“There are two things in painting, vision and mind, and they should work in unison. As a painter, one must try to develop them harmoniously: vision, by looking at nature; mind, by ruling one’s senses logically, thus providing the means of expression.” – Paul Cézanne
I n the 1890s Paul Cézanne became mesmerized by the way reflections appeared in running rivers near his home in Provence, intrigued by the way the endless motion of the water along with the shifting sunlight continuously changed the angularity of objects’ appearance. Arbres et maisons au bord de l'eau, which comes to auction in Sotheby's Impressionist & Modern Evening Sale (12 November, New York) wonderfully encapsulates this fascination: a striking landscape from the early 1890s, it exemplifies the artist’s unrivaled dexterity as a painter and is among the works that would have a pivotal influence the development of 20th-century art in the decades that followed.
"The same subject, seen from another angle offers a subject of the most compelling interest and so varied that I believe I could work for months without changing position, but by just leaning a little to the right and then a little to the left."
When painting such river scenes, Cézanne’s preferred working method was to set up his easel by a river, where the natural horizontals and verticals created a preset structure for the picture plane. As such, many of these works including Arbres et maisons au bord de l'eau, show the river parallel to the land bank rather than at an oblique angle. Cézanne belied such linearity, however, with his distillation of the natural forms into geometric ones.

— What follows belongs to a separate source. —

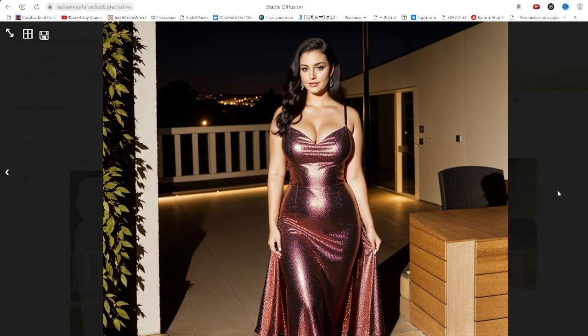Now you'll be able to make your images even higher in quality, and I'll see you in my upcoming videos on my channel.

Writing to his son in 1906, Cézanne explained, “Here, along the river, the motifs multiply. The same subject, seen from another angle offers a subject of the most compelling interest and so varied that I believe I could work for months without changing position, but by just leaning a little to the right and then a little to the left.”1
"In the years around 1880, Cézanne developed ways of looking and painting–especially in his landscapes that he was to spend the rest of his life refining. The key to this breakthrough was a novel approach to facture, the way pigment was applied to canvas...that liberated him from Impressionism."
Most evident in this work is Cézanne’s exploration of his non finito aesthetic. The artist eschewed the belief that a canvas need be fully marked for a work to be considered “finished," rather only that the work need carry out the intent of the artist. In Arbres et maisons au bord de l'eau the unpainted areas of the canvas merge foreground with background, visually connecting the unpainted sky with the areas of the unpainted river. The mind’s eye is allowed then to wander between the two in a way that reinforces what would be the distorted mirror-image of the land in the water.

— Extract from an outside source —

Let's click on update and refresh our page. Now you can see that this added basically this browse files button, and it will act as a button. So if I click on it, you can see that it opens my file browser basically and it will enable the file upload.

Throughout, varying densities of color are employed to delineate the composition, distinguishing the riverbank from the river and the trees from the buildings they conceal. Towards the outer-edges of the scenes, the brushstrokes become increasingly cursory, creating a vivacious sense of movement. The “motif" — as Cézanne referred to his subject-matter—appears to dissipate into the canvas itself. The palette is reduced to a combination of blue, green and orange tones and the application of paint is modulated with great subtlety; broad, dense brushstrokes for the riverbank and river become sparser with an airiness that suggests sunlight dispersing amid the foliage and offsetting the houses.
“In the years around 1880, Cézanne developed ways of looking and painting, especially in his landscapes that he was to spend the rest of his life refining. The key to this breakthrough was a novel approach to facture, the way pigment was applied to canvas...that liberated him from Impressionism," noted Curator Joseph Rishel. "It allowed him to render landscape with remarkable sensuality and specificity, but, unlike the ambitious plein-air paintings of his contemporaries, it transformed the transient into something classical, structured, and serene.”2
A remarkable step toward abstraction, Arbres et maisons au bord de l'eau also holds a distinguished provenance. Having first belonged to Cézanne’s dealer, Ambroise Vollard, it was later purchased by the Bignou Gallery, the New York branch of Galerie Étienne Bignou, Paris. By 1936 the painting was sold to Joseph Winterbotham, business magnate of the late 19th century, who then bequeathed the work to the Art Institute of Chicago in 1954, where it has remained until present day. Winterbotham’s extensive generosity to the Art Institute of Chicago was central to enabling the Museum to build an esteemed collection of modern art. Now coming to auction Arbres et maisons au bord de l'eau presents the rare opporunity to aquire a work by such a pivotal artist from an esteemed museum collection. Arbres et maisons au bord de l'eau will be on view at Sotheby's New York galleries beginning on 2 November along with other Impressionist & Modern Art highlights.
1. B. Schwarz, Finished Unfinished Cézanne, Vienna, 2000, p. 315.
2. Cézanne (exhibition catalogue), Philadelphia Museum of Art, 1995, pp. 193 and 217.